政府は2022年10月7日、地方自治体の情報システムを標準化・共通化する方向性を定めた「地方公共団体情報システム標準化基本方針(以下、基本方針)」を閣議決定した。2020年9月に菅義偉首相(当時)が自治体ごとに異なる行政システムを2025年度末までに統一するよう指示したことでスタートした自治体システム標準化は、この閣議決定をもって期限やクラウド基盤、目標などが「確定」したことになる。
「2025年度までにガバメントクラウドを活用した標準準拠システム移行を目指す。2018年度比でシステム運用経費の3割減も目指す」――。河野太郎デジタル相は同日、基本方針の閣議決定を報告した記者会見で、標準化の目標をこう強調した。
自治体システム標準化とは、全国約1700の自治体が2025年度末までに、デジタル庁が整備するマルチクラウドである「ガバメントクラウド」を活用した標準準拠システムに移行するという取り組みだ。標準化の対象となるのは20の業務で、その業務システムの「標準仕様書」は2022年8月31日に出そろっている。

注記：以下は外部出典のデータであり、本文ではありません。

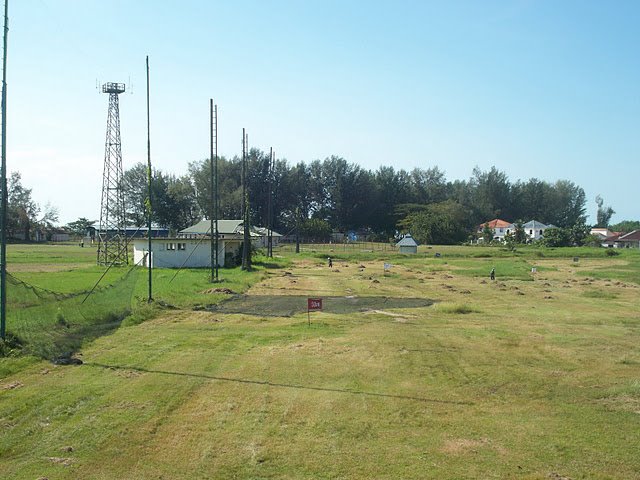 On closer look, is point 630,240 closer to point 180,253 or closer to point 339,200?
point 339,200

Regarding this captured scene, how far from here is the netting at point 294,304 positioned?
2668 centimetres

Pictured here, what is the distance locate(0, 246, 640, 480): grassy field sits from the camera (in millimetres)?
8539

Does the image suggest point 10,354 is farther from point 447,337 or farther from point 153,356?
point 447,337

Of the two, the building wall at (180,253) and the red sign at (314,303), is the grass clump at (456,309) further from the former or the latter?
the building wall at (180,253)

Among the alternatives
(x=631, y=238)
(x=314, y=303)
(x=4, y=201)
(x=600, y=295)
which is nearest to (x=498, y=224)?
(x=631, y=238)

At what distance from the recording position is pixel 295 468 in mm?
8281

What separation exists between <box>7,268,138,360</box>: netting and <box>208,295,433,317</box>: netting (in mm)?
5066

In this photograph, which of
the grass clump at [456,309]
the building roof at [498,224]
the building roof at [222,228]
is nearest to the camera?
the grass clump at [456,309]

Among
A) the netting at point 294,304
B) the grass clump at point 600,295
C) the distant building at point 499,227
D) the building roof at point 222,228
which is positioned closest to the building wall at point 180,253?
the netting at point 294,304

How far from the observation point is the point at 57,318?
19.5m

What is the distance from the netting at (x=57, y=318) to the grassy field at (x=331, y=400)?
0.67 m

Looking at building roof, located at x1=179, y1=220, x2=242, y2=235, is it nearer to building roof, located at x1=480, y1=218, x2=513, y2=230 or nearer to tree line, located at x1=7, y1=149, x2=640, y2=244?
tree line, located at x1=7, y1=149, x2=640, y2=244

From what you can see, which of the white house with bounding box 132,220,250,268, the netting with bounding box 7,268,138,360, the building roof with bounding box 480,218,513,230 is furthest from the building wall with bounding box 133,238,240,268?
the building roof with bounding box 480,218,513,230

基本方針の根拠は、自治体システム標準化を推進するため2021年9月1日に施行された「地方公共団体情報システムの標準化に関する法律(標準化法)」である。基本方針が閣議決定されたことで、自治体にとってもシステム開発を担うITベンダーにとっても標準化に向けた動きがいよいよ本格化する。
ガバメントクラウド「以外」も条件付きで認める
基本方針で注目すべき点は3つある。1つ目は移行の期限が確定した点である。基本方針では、2025年度末までに標準準拠システムへの移行を目指すとしたうえで、2023年度以降を移行支援期間と定めた。

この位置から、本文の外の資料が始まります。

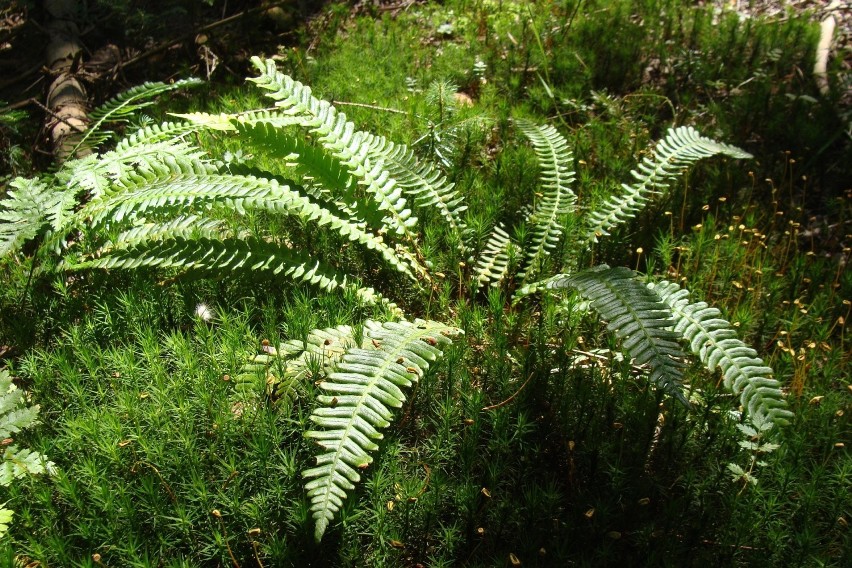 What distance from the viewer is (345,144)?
3682mm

自治体などからはこれまで「2025年度末までの移行は困難で期限を緩和すべきだ」との意見があったが、基本方針では反映されなかった。一方で、基本方針ではデジタル庁と総務省は移行スケジュールや移行に当たっての課題把握と解決を自治体と協力して取り組むとした。
注目すべき2つ目は、ガバメントクラウド以外のクラウドの利用を認めた点である。基本方針はガバメントクラウドの利用を「第一に検討すべきだ」とした一方で、ガバメントクラウド以外のクラウド環境も条件を満たせば国の補助金の対象となるとした。

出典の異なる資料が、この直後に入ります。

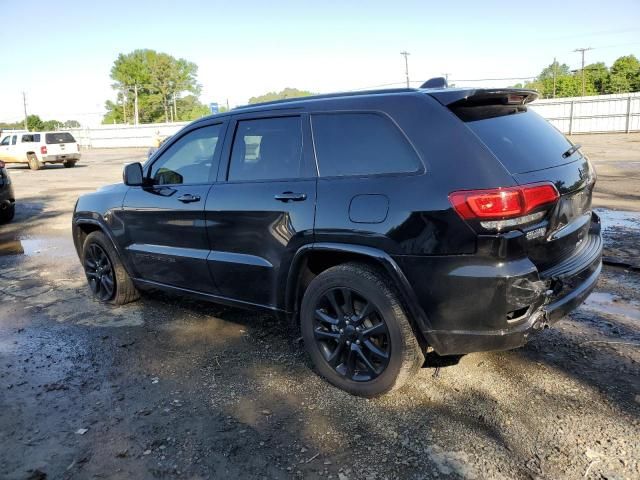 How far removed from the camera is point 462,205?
2762 mm

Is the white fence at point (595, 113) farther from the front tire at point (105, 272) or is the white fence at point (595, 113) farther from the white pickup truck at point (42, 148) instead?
the front tire at point (105, 272)

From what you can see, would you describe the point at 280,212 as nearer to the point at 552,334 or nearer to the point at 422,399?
the point at 422,399

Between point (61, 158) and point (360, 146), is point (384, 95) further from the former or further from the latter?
point (61, 158)

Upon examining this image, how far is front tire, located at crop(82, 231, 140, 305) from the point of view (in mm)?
5094

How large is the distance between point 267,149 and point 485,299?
1873 millimetres

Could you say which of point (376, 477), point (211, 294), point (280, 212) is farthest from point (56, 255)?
point (376, 477)

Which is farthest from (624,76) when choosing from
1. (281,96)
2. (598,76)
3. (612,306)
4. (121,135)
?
(612,306)

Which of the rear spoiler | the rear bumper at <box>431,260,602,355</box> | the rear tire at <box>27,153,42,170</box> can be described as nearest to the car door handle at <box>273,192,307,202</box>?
the rear spoiler

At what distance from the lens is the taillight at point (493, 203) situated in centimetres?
273

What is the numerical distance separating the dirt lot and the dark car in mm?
6458

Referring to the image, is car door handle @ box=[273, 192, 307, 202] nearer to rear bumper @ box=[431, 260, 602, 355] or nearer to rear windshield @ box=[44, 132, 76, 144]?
rear bumper @ box=[431, 260, 602, 355]

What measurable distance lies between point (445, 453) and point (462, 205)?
4.13 feet

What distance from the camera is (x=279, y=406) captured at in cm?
325

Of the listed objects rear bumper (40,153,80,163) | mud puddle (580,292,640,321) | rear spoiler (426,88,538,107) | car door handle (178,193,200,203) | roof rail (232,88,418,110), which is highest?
roof rail (232,88,418,110)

国は自治体システム標準化への移行作業を支援するため、総額1825億円の補助金を用意している。総務省が地方公共団体情報システム機構(J-LIS)に設置した「デジタル基盤改革支援基金」から、各自治体に配分する。補助金の対象は原則としてガバメントクラウド上で構築された標準準拠システムへの移行費用である。